Auch die Landtagswahlen im Herbst 2015 dürften das Aus beeinflusst haben. Da wegen der Gemeindezusammenlegungen Wirbel herrscht, haben die "Reformpartner" eine offene Flanke gesichert. Drexler versuchte zu relativieren: "Wahlzuckerl-Logik schaut anders aus. Da hätten wir in einem Jahr Milch und Honig fließen lassen müssen. Wir werden den Pflegeregress auch nicht nach der Wahl wieder einführen. Da ist eine Grundsatzentscheidung gefällt worden, die pickt."
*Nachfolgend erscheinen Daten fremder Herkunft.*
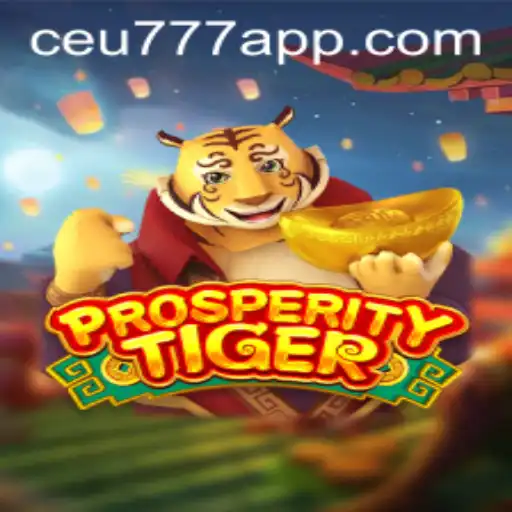 Explorando o Mundo de ProsperityTiger: O Jogo que Conquista Jogadores em 2023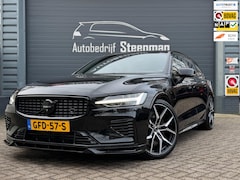 Volvo V60 - 2.0 T8 Plugin Hybrid AWD Polestar Engineered Heico
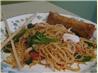 No-Pain Lo Mein (Rachael Ray). Recipe by Kirste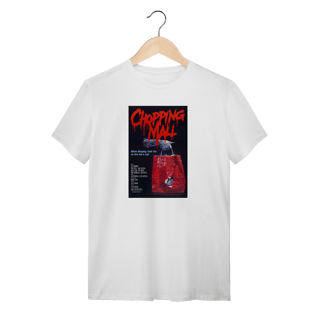 Nome do produto Camiseta Chopping Mall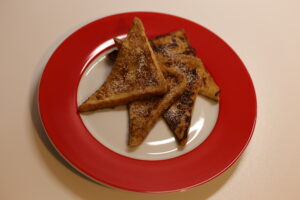 Pain Perdu (1)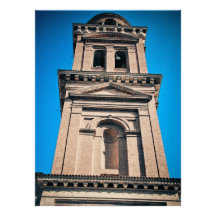 Italian architecture announcement
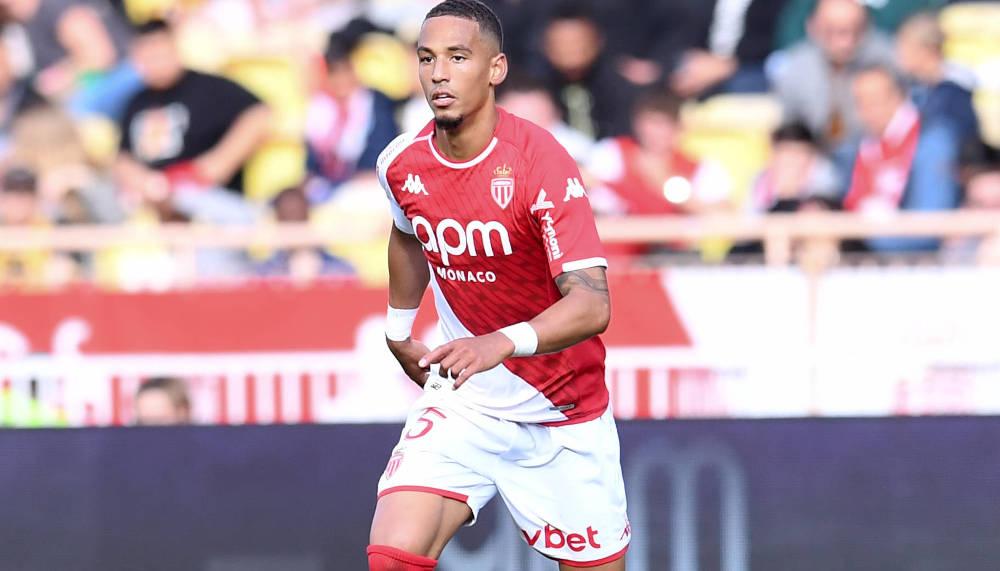 Monaco zieht die Kaufoption für Thilo Kehrer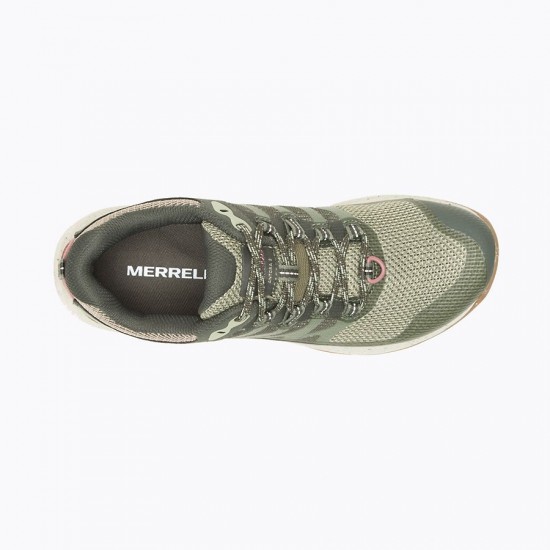 Merrell Antora 3 Lichen Women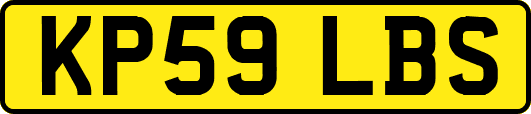 KP59LBS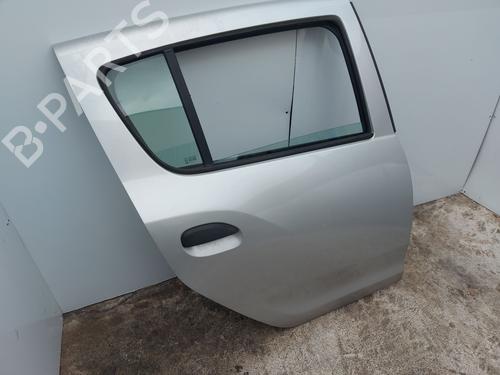 Right rear door DACIA SANDERO II  | BP30319210C5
Allerdings verschaffte man mit diesem Schritt gerade ihm ein Macher-Image: Drexler wurde erst im März Nachfolger Kristina Edlinger-Ploders. Sie hatte den Regress – wie von der "Reformpartnerschaft" gewünscht – stets verteidigt. Drexler aber verkündete schon in der Antrittsrede eine "Nachdenkphase".

2008 wurde der Pflegeregress in der Steiermark abgeschafft, 2011 kam er wieder. Begründet wurde das von SPÖ und ÖVP mit einer "Lenkungsmaßnahme" weg von der teuren stationäre Pflege.

Zuletzt brachte der Regress dem Land exakt 11,1 Millionen Euro an Einnahmen. Derzeit sind rund 6200 Steirer zahlungspflichtig: Ihre pflegebedürftigen Verwandten haben selbst nicht genug Einkommen (oder Ersparnisse), um die Pflegekosten vollständig zu decken.

Die Zahlung war je nach Einkommen gestaffelt: Kinder mussten vier bis zehn Prozent ihres Einkommens für Eltern zahlen, Eltern wiederum für ihre pflegebedürftigen Kindern neun bis fünfzehn Prozent. Das galt ab einem Einkommen von 1500 Euro netto, wobei aber Weihnachts- und Urlaubsgeld einbezogen wurden: Laut KPÖ war man damit schon ab 1300 Euro netto monatlich regresspflichtig.

Der Verfassungsgerichtshof hat diese Form des Regresses 2013 als korrekt abgesegnet. Allerdings forderten die Höchstrichter, dass jeder einzelne Fall zu prüfen sei sowie eigene Pflegekosten oder Unterhaltszahlungen einbezogen werden müssten. Würde nämlich die monatliche Zahlung die eigene finanzielle Existenz gefährden, schließe das den Regress an das Land auch bei höherem Einkommen aus.